"I'm Comin' Over" is a song co-written and recorded by American country music artist Chris Young.  It was released on May 11, 2015 as the lead single to his fifth studio album of the same name, which was released on November 13, 2015.  The song was written by Young, Corey Crowder and Josh Hoge.

Reception

Critical
The song received positive reviews from critics. Taste of Country reviewed the song positively, saying that "New Chris Young is doubling down on the traditional. "I’m Comin' Over" is drenched in weeping pedal steel and familiar country themes. The song relies on Young's sturdy voice, which is as solid as a mountain on this power ballad." In 2017, Billboard contributor Chuck Dauphin put "I'm Comin' Over" at number ten on his top 10 list of Young's best songs.

Commercial
"I'm Comin' Over" debuted on the Billboard Hot 100 at number 57 and Hot Country Songs at number 8 on its first week of release.
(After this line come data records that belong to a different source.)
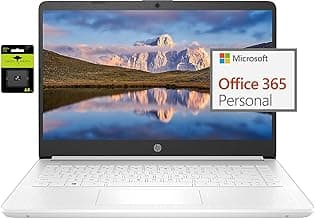 HP 14" Ultral Light Laptop for Students and Business, Intel Quad-Core N4120, 16GB RAM, 128GB Storage(64GB eMMC+64GB Ghost Manta SD), 1 Year Office 365, Webcam, HDMI, WiFi, USB-A&C, Win 11 S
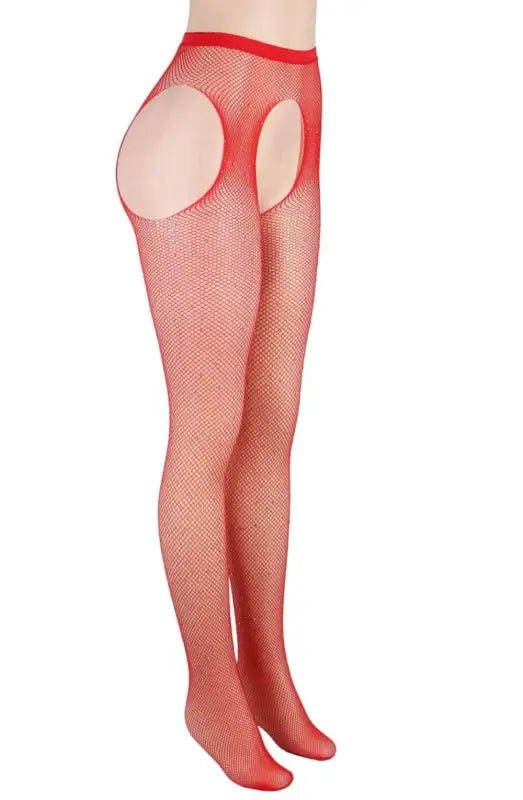 Ignite Passion with YesX YX852 Sparkly Red Fishnet Crotchless Tights - XS/M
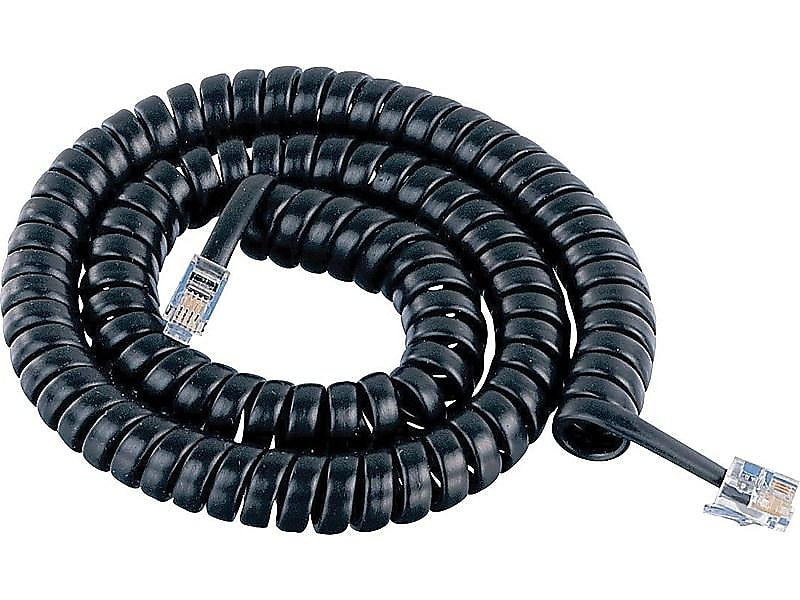 Power Gear 27639 12' Coiled Telephone Line Cord, Black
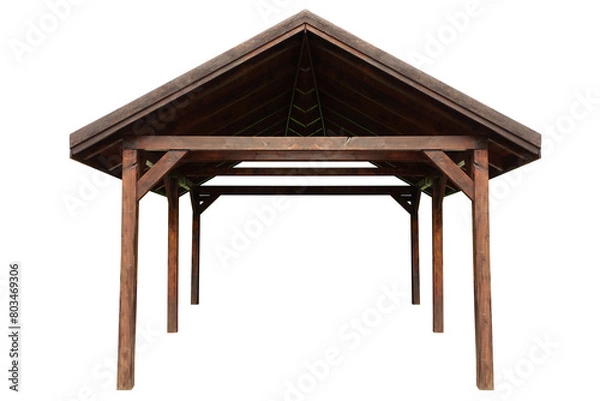 Fototapeta Wooden gazebo, garage for a car - shelter from rain and bad weather conditions. On isolated transparent background.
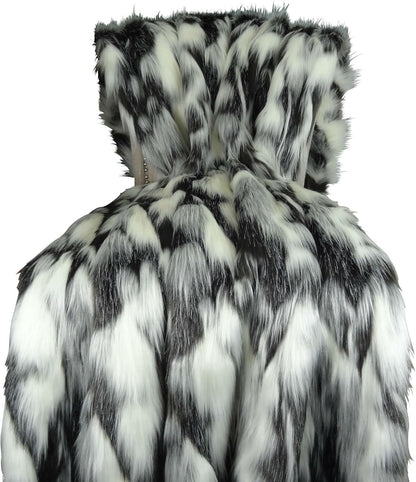 Gray Black White Faux Fur Oversized Blanket and Bedspread - Tibet Fox Fur - Gray Black White Luxury Faux Fur - Soft Faux Fur Blankets, Bedspreads and Throws, Handmade in USA, 16438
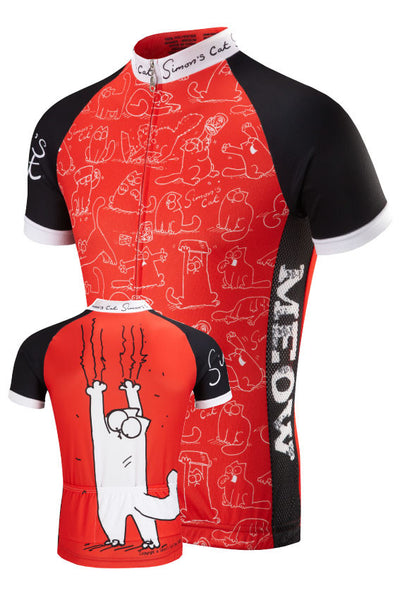Simon's Cat Cycling Jersey Short Sleeve Red 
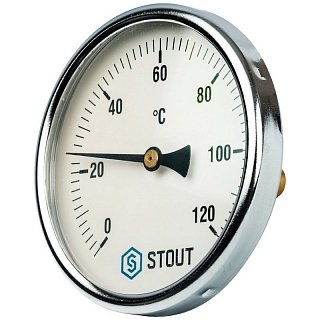 Термометр биметаллический 100 мм 120° STOUT с погружной гильзой 50 мм Артикул SIM-0001-105015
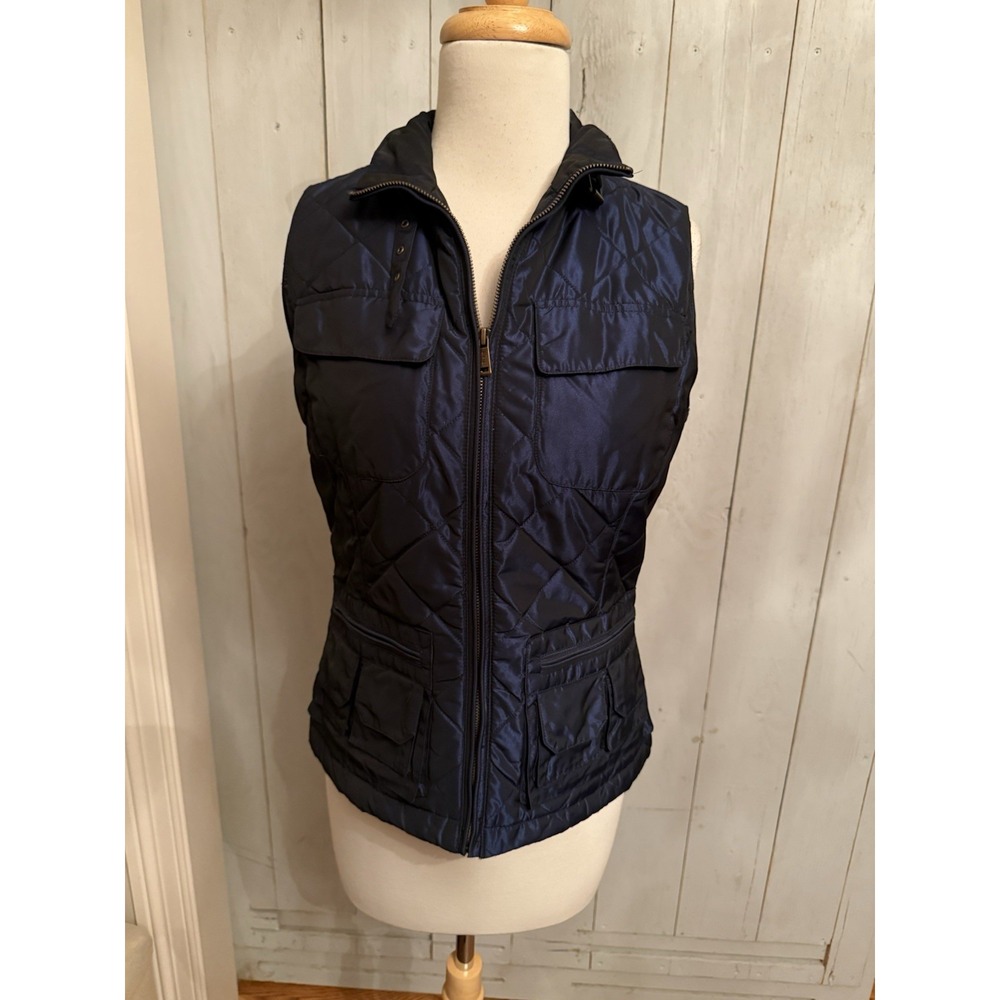 LAUREN Ralph Lauren Vest Iridescent Blue Outdoor Quilted Multi Pockets S Rt-169$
It was the second best-selling country songs with 71,000 copies sold.  It became Young's sixth number one single on the Country Airplay chart dated November 28, 2015, and his first since "You" in February 2012. The song was certified Gold by the RIAA on September 23, 2015, and Platinum on January 11, 2016. It has sold 725,000 copies in the US as of February 2016.

Music video
The music video was directed by David McClister/Trey Fanjoy and premiered in May 2015.

Chart performance

Weekly chart

Year-end charts

Certifications

References

2015 songs
2015 singles
Country ballads
2010s ballads
Chris Young (musician) songs
RCA Records Nashville singles
Songs written by Corey Crowder (songwriter)
Songs written by Josh Hoge
Songs written by Chris Young (musician)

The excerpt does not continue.